Reaching out and grasping an object requires the processing of its precise location with respect to our hand and the integration of the object's intrinsic properties such as its size and shape. These visual attributes have then to be transformed into an appropriate motor command that will guide and shape our hand for efficient grasp of the object.
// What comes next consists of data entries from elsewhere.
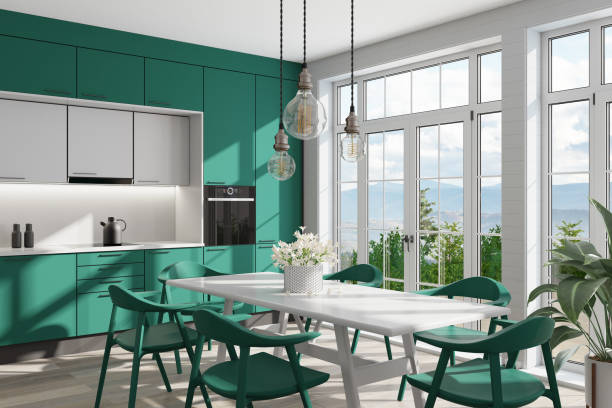 Emerald green and white Modern Scandinavian kitchen with large dining table and chairs. Large windows. Open space kitchen concept. Summer scene. stock photo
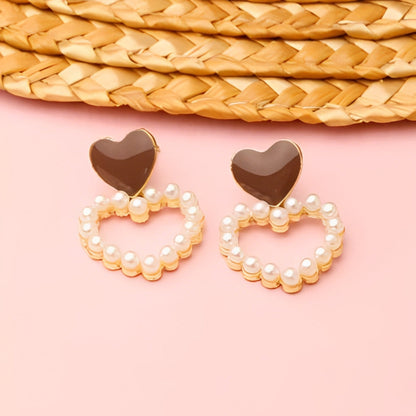 Heart-shaped earrings with pearl detailing on a pink background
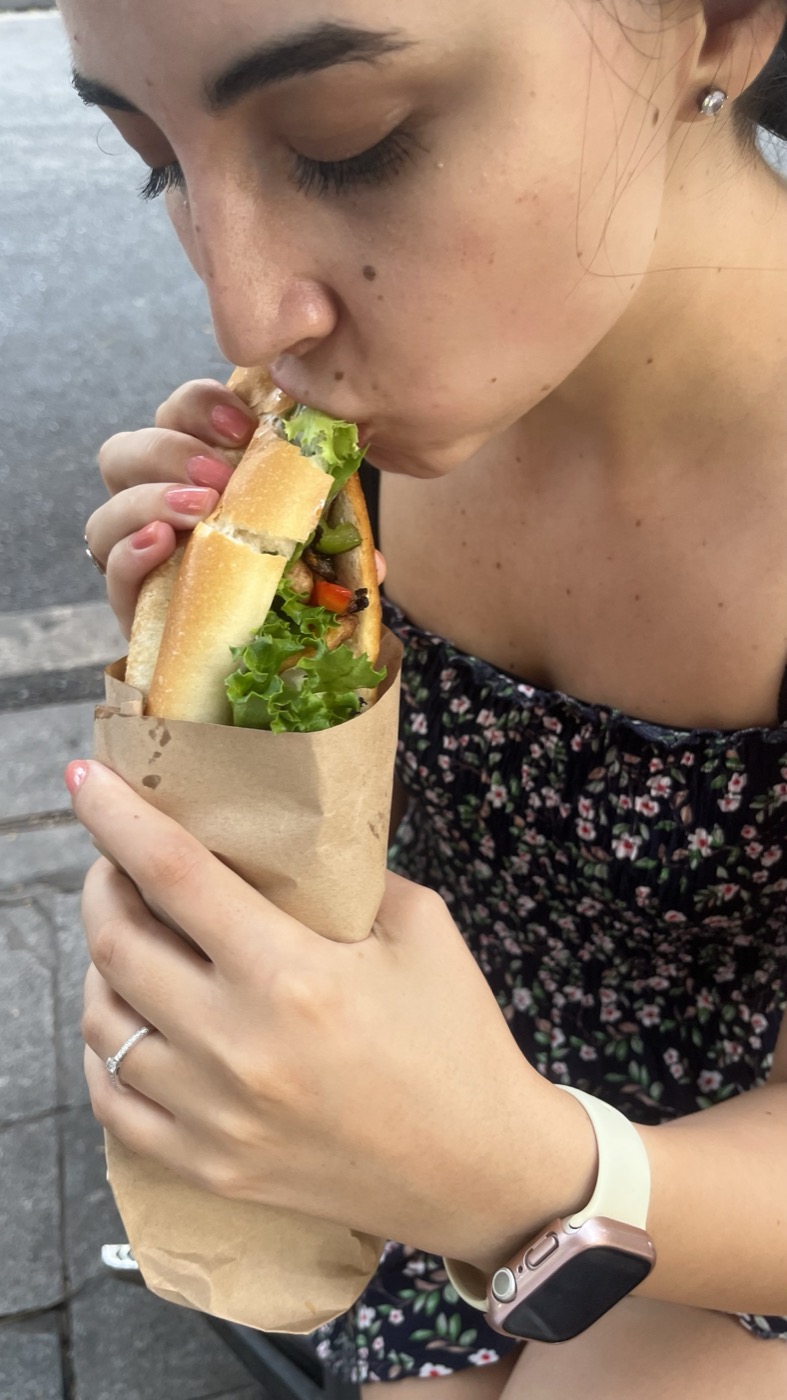 Customer enjoying a banh mi sandwich
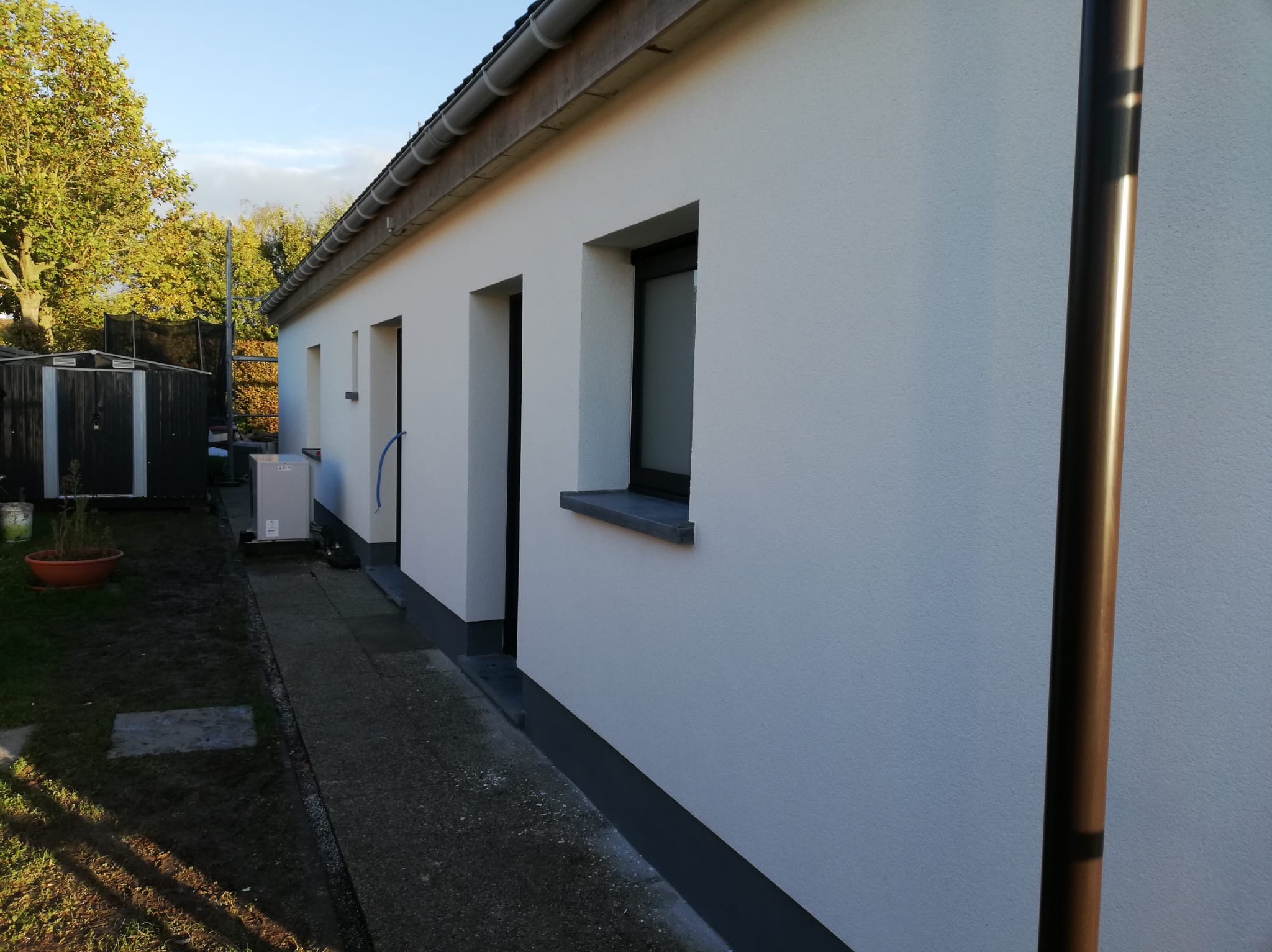 Ściana budynku po ociepleniu i pomalowaniu na biało. Widoczne okna z szarymi parapetami, brązowa rynna i fragment ogrodu z zielenią. Słoneczny dzień.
The safe and efficient application of fingertip forces to the object requires that this command takes into account the biomechanical interactions all along the multi-articulate bony chain linking the proximal arm to the wrist, hand and phalanges.
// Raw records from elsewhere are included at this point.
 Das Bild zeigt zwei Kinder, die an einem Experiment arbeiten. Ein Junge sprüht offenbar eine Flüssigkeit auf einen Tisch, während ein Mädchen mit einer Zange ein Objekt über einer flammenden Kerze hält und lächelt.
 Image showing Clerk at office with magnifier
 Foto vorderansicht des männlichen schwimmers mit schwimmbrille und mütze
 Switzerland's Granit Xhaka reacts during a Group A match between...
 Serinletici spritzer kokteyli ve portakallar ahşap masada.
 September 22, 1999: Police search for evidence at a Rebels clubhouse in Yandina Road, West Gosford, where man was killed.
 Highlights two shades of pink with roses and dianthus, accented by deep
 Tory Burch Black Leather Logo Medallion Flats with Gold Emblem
Recent studies provide new insights about which brain areas are involved in the fast processing mechanisms underlying grasp, and how grasp-related visual and motor information is transferred between the involved areas. Moreover, recent findings suggest interactions between the object recognition system in the ‘ventral’ occipito-temporal stream and the system controlling goal-directed actions in the ‘dorsal’ occipito-parietal stream. These interactions could be important as a means of mediating the details of an object's properties to the dorsal stream in order to fine-tune the motor command for grasping it.
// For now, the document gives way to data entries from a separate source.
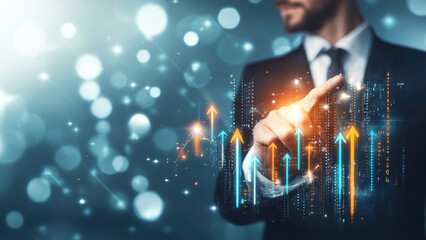 Obraz premium Man in a suit pointing at a graph on a screen.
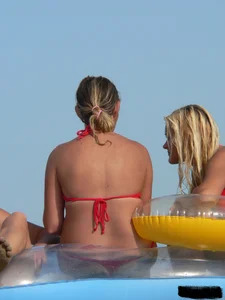 Sexy mom and daughter in red thongs at the beach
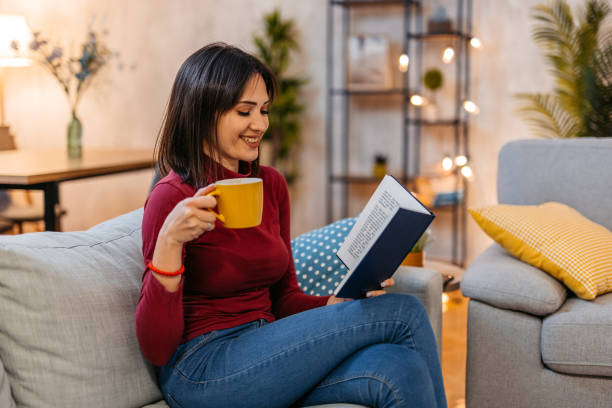 istock Young Woman Reading A Book And Drinking Coffee At Home At Night 1470449287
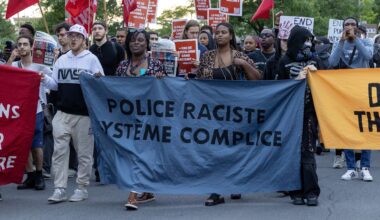 Anti-police racism marchers hold banners in Montreal North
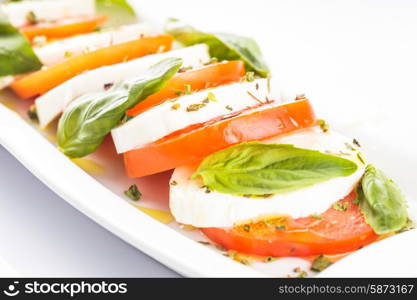 Caprese salad: slices of tomato and mozzarella cheese. Caprese salad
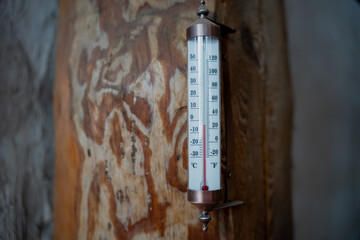 Vintage wall thermometer with Celsius and Fahrenheit scale mounted on rustic wood beam, close up of indoor temperature gauge with shallow depth of field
What is represented in the different components of the visuomotor cortical network for skilled grasp?

The classical model of the neural control of reaching and grasping movements proposes that areas located in the antero-lateral portion of the intraparietal sulcus (IPS) integrate grasp-related information about an object whereas a more postero-medial region of the IPS contributes to the planning of reaching movements towards the object. The anterior intraparietal area (AIP) contains visual and visuomotor neurons that are activated by a particular type of grasp [2,3], while the medial intraparietal area (MIP) and V6A contain neurons associated with a particular direction of reach [4]. On the convexity of the inferior parietal lobule, areas PF, PFG and PG are also organised in a somatotopic gradient and show object-related sensorimotor properties related to mouth, hand and arm movements, respectively [5].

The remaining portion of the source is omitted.